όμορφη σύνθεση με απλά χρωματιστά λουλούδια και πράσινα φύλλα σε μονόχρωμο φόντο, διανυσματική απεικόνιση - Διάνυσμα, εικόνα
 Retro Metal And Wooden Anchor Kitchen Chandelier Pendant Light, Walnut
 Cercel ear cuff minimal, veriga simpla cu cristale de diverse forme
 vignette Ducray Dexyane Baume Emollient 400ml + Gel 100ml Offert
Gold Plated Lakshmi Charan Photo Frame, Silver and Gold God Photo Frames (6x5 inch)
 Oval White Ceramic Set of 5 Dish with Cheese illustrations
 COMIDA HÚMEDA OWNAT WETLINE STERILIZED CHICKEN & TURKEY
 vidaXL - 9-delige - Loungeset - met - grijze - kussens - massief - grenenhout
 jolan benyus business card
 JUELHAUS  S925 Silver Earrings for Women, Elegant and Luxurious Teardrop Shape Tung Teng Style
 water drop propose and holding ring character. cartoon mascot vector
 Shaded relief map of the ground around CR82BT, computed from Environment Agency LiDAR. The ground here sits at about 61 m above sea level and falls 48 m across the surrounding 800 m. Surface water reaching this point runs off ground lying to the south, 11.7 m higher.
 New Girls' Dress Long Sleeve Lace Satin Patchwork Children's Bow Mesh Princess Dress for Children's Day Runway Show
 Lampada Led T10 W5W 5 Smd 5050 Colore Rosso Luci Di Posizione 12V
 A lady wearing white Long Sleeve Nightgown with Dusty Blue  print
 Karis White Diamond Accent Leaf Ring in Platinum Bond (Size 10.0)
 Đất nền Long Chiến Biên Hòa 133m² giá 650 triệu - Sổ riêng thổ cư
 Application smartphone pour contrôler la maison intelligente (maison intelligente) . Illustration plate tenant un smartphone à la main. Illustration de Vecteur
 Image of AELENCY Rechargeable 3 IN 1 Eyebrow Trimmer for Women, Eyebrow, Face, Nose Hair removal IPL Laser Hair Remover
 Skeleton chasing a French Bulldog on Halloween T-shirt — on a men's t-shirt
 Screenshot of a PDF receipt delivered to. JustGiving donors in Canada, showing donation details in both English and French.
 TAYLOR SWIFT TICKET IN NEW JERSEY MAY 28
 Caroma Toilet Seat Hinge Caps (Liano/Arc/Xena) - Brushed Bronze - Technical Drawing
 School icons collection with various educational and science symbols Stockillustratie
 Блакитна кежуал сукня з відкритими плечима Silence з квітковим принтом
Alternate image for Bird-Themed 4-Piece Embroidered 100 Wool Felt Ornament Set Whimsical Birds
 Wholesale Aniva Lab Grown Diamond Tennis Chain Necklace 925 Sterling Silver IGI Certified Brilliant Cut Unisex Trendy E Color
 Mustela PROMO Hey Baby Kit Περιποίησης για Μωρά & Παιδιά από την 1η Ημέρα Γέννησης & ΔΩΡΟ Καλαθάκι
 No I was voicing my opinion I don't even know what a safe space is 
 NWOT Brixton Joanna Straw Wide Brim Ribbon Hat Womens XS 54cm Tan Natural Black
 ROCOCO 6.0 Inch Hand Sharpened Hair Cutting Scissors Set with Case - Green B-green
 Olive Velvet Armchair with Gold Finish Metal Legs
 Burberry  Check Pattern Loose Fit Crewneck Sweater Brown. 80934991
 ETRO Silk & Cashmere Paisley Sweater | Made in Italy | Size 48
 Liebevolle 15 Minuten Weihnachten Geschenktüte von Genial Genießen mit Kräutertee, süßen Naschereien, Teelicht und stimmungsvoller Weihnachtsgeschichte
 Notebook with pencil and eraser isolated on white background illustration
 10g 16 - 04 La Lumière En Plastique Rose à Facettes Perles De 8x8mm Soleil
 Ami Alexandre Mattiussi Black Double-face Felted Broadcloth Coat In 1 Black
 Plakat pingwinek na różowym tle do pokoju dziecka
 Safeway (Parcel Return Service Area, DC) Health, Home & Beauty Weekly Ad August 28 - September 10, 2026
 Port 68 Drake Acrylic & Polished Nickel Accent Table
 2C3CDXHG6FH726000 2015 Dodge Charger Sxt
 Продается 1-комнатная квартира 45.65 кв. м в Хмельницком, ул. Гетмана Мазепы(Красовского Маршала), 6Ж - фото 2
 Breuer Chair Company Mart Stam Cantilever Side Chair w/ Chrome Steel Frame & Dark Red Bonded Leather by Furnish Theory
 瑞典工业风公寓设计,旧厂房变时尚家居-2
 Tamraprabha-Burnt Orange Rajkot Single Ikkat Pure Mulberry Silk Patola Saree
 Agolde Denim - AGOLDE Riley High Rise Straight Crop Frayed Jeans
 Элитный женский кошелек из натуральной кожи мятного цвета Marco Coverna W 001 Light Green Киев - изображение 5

#### WHAT IS BEING ASKED
The response must consist solely of the lines from the first line of the entries through the line containing "jolan benyus business card", repeated exactly.

#### RESPONSE FOR THIS EXERCISE
όμορφη σύνθεση με απλά χρωματιστά λουλούδια και πράσινα φύλλα σε μονόχρωμο φόντο, διανυσματική απεικόνιση - Διάνυσμα, εικόνα
 Retro Metal And Wooden Anchor Kitchen Chandelier Pendant Light, Walnut
 Cercel ear cuff minimal, veriga simpla cu cristale de diverse forme
 vignette Ducray Dexyane Baume Emollient 400ml + Gel 100ml Offert
Gold Plated Lakshmi Charan Photo Frame, Silver and Gold God Photo Frames (6x5 inch)
 Oval White Ceramic Set of 5 Dish with Cheese illustrations
 COMIDA HÚMEDA OWNAT WETLINE STERILIZED CHICKEN & TURKEY
 vidaXL - 9-delige - Loungeset - met - grijze - kussens - massief - grenenhout
 jolan benyus business card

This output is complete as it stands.